Rose remembered that 10 years ago a well-dressed man had made a similar claim. She remembered the fellow couldn't describe the waiter who supposedly spilled food on him. Moreover, she recalled that the man had ticked off the names of several Baltimore restaurants that supposedly had given him $5 for stains caused by their waiters. Rose thought it was curious that so many waiters had spilled food on the man, and that the cleaning bill was always $5. Sure enough, when she questioned her waiters, none reported spilling anything. So she sent the man on his way without any money.
Now, 10 years later, the guy was back, probably figuring that chances were good that the restaurant had new owners. Instead of a new owner, the man ended up facing an old nemesis.
"I told him you didn't get away with it 10 years ago, and you aren't going to get away with it now," Rose said.
The stainer turned on his well-heeled shoes, muttered an obscenity and walked out the door.
There was the night actor Danny DeVito lost a fan because he had kids. When a female customer heard that DeVito, who was in Baltimore for the filming of "Tin Men," was eating in the restaurant, she asked to be seated near the star.
She got her wish, but instead of being elated, she left the restaurant in a huff. DeVito had his children with him and the kids made a commotion as they hammered crabs with mallets. The noise and kids were a turnoff, the woman reported as she left the restaurant.
"But you asked to be seated near him," Rose said to the angry woman. "You didn't tell me," the woman replied, "that he had children."

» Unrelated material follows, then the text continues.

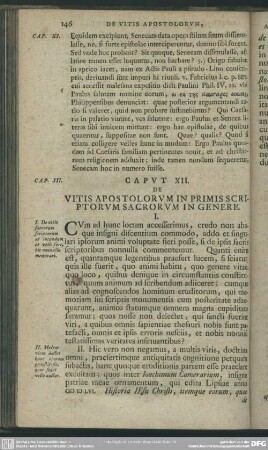 Caput XII. De vitis apostolorum in primis scriptorum sacrorum in genere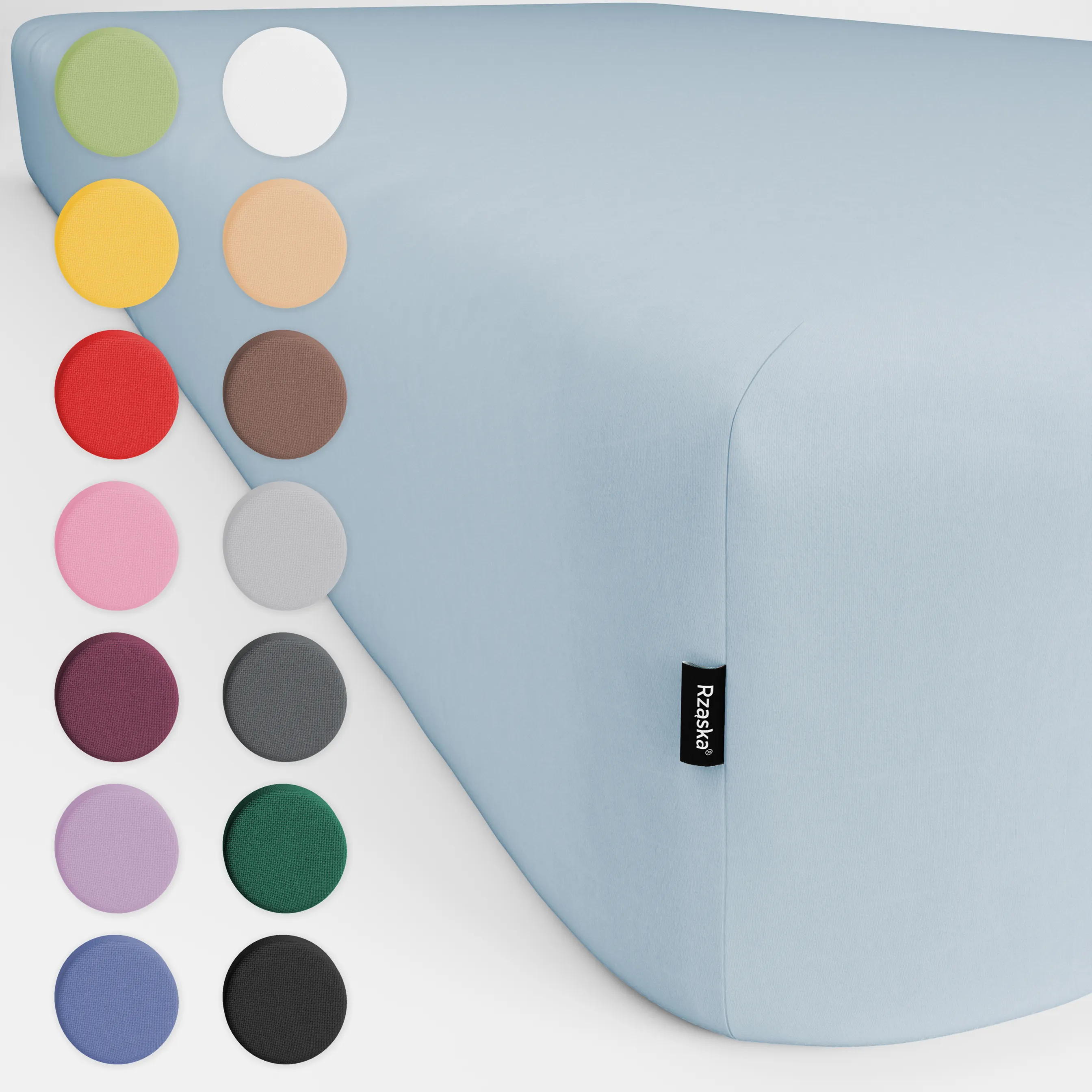 Prześcieradła z gumką Rząska® w rozmiarze 120x200 cm, wykonane z bawełny na wysokość materaca cm z kolekcji WOW! w kolorze Blue It Away, pastelowy błękit.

There are the "crab emergency" nights at the restaurant. On these nights, when the supply of steamed crabs is running low, the staff counts unfed customers. Figuring four crabs per customer, the staff tries to approximate when the supply will run out. Customers waiting to be seated as well as those holding reservations for later in evening are warned that by the time they dine, the steamed crabs may be gone.
The reaction to this news varies, the Cernaks said. Most folks are grateful for the warning and understand that crab shortages are part of the business. But a few go ballistic. One customer, Cheri recalled, launched into a tirade, saying that Obrycki's without crabs was like the sea with salt, or a brewery running out of beer. Cheri listened to the customer complain for a while, then spoke up. "I told him that if the worst thing that ever happened to him was not being able to eat crabs one night, then he was a pretty lucky fellow," she recalled.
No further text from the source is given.